### Aim of the exercise
Copy each line of the data below exactly, leaving out pictures.

Start of Supplied material

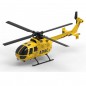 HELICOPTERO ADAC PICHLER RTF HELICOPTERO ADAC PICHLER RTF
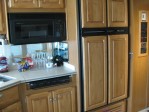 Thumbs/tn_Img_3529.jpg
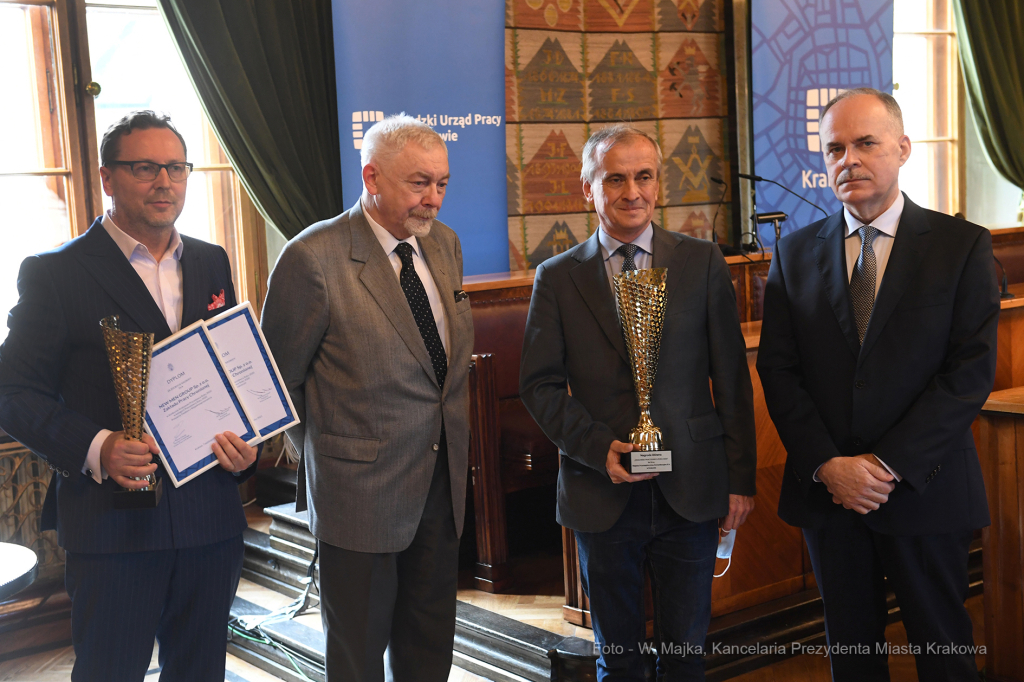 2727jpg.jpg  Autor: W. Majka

End of Supplied material

### Exercise response
 HELICOPTERO ADAC PICHLER RTF HELICOPTERO ADAC PICHLER RTF
 Thumbs/tn_Img_3529.jpg
 2727jpg.jpg  Autor: W. Majka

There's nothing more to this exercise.